[Stored items]

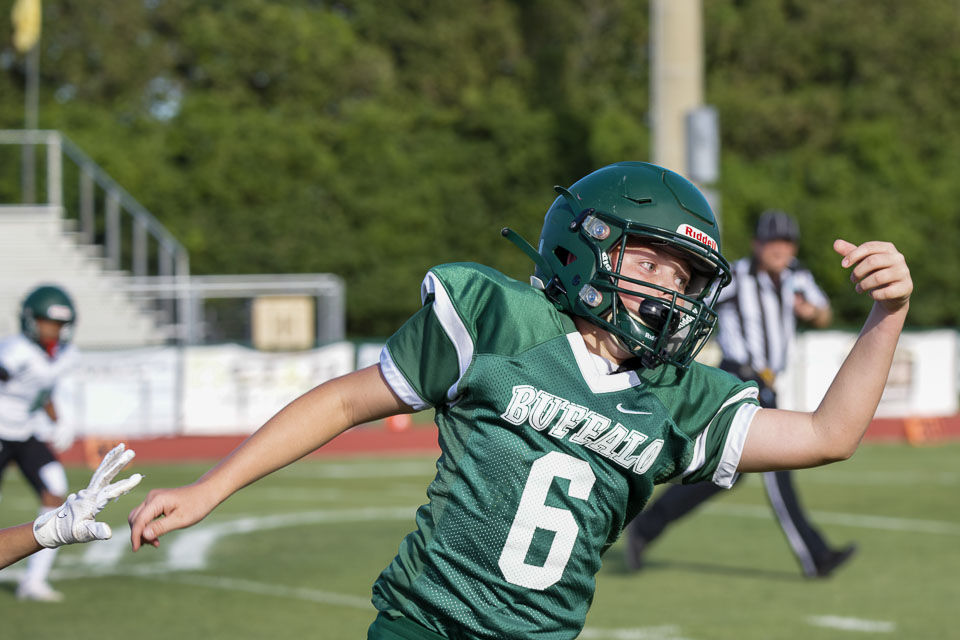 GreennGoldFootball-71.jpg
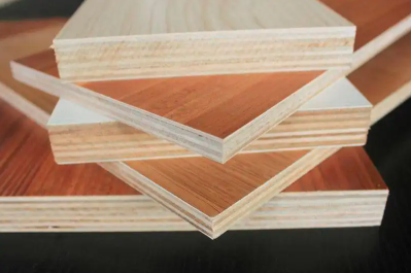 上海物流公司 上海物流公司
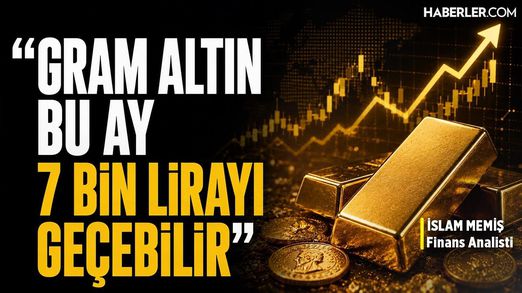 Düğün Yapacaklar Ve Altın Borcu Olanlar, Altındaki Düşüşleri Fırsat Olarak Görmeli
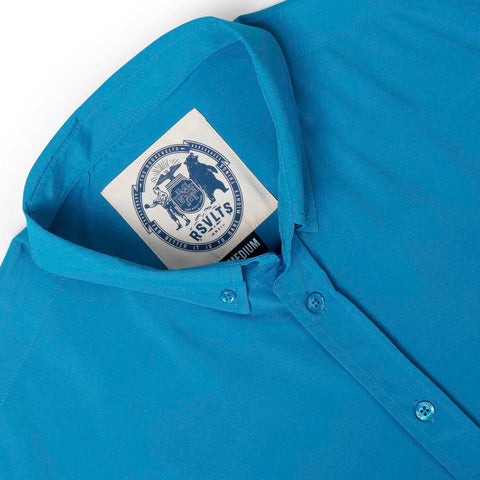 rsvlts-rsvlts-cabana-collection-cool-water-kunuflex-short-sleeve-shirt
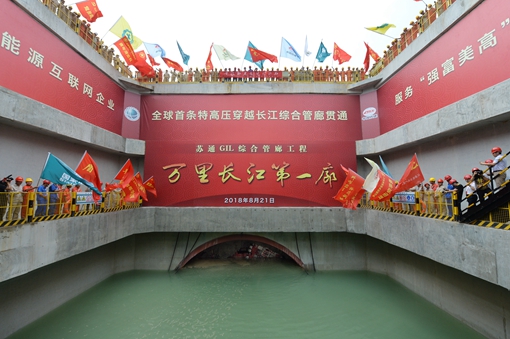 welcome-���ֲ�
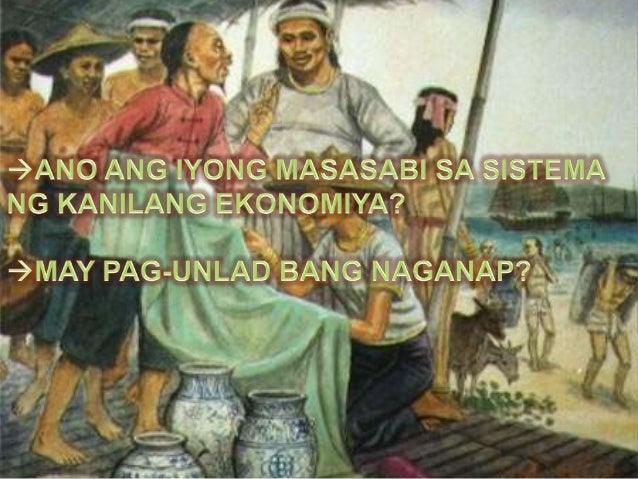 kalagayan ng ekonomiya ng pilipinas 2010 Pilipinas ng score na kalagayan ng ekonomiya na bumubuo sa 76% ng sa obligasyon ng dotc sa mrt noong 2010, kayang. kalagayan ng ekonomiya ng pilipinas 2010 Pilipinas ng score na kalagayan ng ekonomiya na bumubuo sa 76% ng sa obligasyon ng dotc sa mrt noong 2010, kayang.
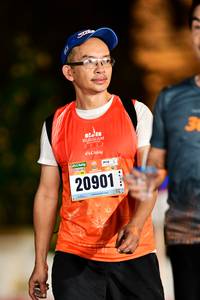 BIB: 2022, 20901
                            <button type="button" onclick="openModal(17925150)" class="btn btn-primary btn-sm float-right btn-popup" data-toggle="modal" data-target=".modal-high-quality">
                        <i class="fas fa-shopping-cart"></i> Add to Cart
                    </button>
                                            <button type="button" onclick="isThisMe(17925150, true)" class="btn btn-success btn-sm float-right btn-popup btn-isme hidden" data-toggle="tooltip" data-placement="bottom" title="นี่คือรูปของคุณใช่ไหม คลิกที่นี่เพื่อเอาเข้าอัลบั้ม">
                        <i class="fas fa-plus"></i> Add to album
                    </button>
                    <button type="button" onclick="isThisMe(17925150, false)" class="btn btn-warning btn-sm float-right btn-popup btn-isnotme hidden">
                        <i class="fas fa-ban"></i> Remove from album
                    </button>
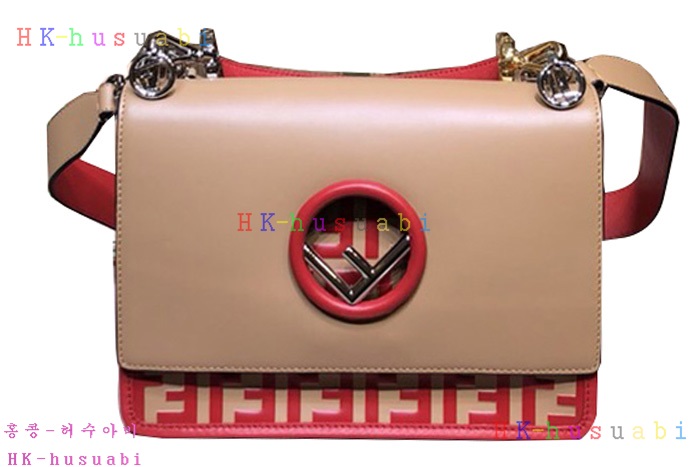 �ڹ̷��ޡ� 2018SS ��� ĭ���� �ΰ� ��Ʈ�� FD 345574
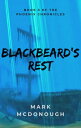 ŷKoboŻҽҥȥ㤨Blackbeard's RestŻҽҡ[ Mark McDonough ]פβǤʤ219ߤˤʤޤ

- _WORK ITEM_
Copy out the data verbatim, excluding the pictures.

- _RESULT FOR THIS EXERCISE_
 GreennGoldFootball-71.jpg
 上海物流公司 上海物流公司
 Düğün Yapacaklar Ve Altın Borcu Olanlar, Altındaki Düşüşleri Fırsat Olarak Görmeli
 rsvlts-rsvlts-cabana-collection-cool-water-kunuflex-short-sleeve-shirt
 welcome-���ֲ�
 kalagayan ng ekonomiya ng pilipinas 2010 Pilipinas ng score na kalagayan ng ekonomiya na bumubuo sa 76% ng sa obligasyon ng dotc sa mrt noong 2010, kayang. kalagayan ng ekonomiya ng pilipinas 2010 Pilipinas ng score na kalagayan ng ekonomiya na bumubuo sa 76% ng sa obligasyon ng dotc sa mrt noong 2010, kayang.
 BIB: 2022, 20901
                            <button type="button" onclick="openModal(17925150)" class="btn btn-primary btn-sm float-right btn-popup" data-toggle="modal" data-target=".modal-high-quality">
                        <i class="fas fa-shopping-cart"></i> Add to Cart
                    </button>
                                            <button type="button" onclick="isThisMe(17925150, true)" class="btn btn-success btn-sm float-right btn-popup btn-isme hidden" data-toggle="tooltip" data-placement="bottom" title="นี่คือรูปของคุณใช่ไหม คลิกที่นี่เพื่อเอาเข้าอัลบั้ม">
                        <i class="fas fa-plus"></i> Add to album
                    </button>
                    <button type="button" onclick="isThisMe(17925150, false)" class="btn btn-warning btn-sm float-right btn-popup btn-isnotme hidden">
                        <i class="fas fa-ban"></i> Remove from album
                    </button>
 �ڹ̷��ޡ� 2018SS ��� ĭ���� �ΰ� ��Ʈ�� FD 345574
 ŷKoboŻҽҥȥ㤨Blackbeard's RestŻҽҡ[ Mark McDonough ]פβǤʤ219ߤˤʤޤ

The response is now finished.